MATERIAL FOR THE TASK:
※ ※ ※
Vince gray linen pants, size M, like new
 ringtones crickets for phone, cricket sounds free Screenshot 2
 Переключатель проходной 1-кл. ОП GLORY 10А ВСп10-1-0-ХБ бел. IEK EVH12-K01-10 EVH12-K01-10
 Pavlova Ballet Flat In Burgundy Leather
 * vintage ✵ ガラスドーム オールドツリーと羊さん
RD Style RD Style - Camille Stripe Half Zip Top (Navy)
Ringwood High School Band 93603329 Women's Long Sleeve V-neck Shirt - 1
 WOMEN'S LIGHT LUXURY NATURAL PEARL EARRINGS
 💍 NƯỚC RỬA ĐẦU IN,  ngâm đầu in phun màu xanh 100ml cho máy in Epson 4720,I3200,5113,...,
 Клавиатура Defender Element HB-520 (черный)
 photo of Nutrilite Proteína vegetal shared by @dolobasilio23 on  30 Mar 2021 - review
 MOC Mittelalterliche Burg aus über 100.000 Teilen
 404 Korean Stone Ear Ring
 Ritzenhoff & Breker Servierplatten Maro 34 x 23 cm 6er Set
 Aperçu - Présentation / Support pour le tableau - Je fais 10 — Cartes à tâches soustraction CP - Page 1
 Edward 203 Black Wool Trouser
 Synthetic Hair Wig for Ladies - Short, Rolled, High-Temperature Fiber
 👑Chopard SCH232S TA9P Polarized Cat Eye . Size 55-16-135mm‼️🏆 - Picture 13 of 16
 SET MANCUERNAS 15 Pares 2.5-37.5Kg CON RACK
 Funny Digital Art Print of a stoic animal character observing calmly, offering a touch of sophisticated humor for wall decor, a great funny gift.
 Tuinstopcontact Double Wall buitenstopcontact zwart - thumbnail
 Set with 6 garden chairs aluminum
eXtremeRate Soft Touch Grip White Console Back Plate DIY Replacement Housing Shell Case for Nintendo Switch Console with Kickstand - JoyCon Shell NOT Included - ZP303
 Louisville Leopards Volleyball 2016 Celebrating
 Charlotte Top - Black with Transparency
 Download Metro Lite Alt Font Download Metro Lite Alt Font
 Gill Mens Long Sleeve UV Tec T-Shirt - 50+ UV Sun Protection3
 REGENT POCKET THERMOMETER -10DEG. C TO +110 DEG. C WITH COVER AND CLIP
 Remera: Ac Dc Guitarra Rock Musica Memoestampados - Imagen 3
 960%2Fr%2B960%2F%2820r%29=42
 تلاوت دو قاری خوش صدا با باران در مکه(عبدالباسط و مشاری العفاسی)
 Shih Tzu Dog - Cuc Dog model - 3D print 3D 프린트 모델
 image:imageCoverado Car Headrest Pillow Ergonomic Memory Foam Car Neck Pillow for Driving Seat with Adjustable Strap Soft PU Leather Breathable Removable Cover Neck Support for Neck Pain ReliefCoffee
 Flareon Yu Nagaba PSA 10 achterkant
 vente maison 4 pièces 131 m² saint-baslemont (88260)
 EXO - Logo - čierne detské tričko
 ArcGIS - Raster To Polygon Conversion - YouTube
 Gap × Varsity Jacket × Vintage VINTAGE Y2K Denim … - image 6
※ ※ ※
WHAT IS REQUIRED: Although the records may continue, retype only the lines from the first one through the one containing "Aperçu - Présentation", exactly as they appear.

RESPONSE TO THE EXERCISE:
Vince gray linen pants, size M, like new
 ringtones crickets for phone, cricket sounds free Screenshot 2
 Переключатель проходной 1-кл. ОП GLORY 10А ВСп10-1-0-ХБ бел. IEK EVH12-K01-10 EVH12-K01-10
 Pavlova Ballet Flat In Burgundy Leather
 * vintage ✵ ガラスドーム オールドツリーと羊さん
RD Style RD Style - Camille Stripe Half Zip Top (Navy)
Ringwood High School Band 93603329 Women's Long Sleeve V-neck Shirt - 1
 WOMEN'S LIGHT LUXURY NATURAL PEARL EARRINGS
 💍 NƯỚC RỬA ĐẦU IN,  ngâm đầu in phun màu xanh 100ml cho máy in Epson 4720,I3200,5113,...,
 Клавиатура Defender Element HB-520 (черный)
 photo of Nutrilite Proteína vegetal shared by @dolobasilio23 on  30 Mar 2021 - review
 MOC Mittelalterliche Burg aus über 100.000 Teilen
 404 Korean Stone Ear Ring
 Ritzenhoff & Breker Servierplatten Maro 34 x 23 cm 6er Set
 Aperçu - Présentation / Support pour le tableau - Je fais 10 — Cartes à tâches soustraction CP - Page 1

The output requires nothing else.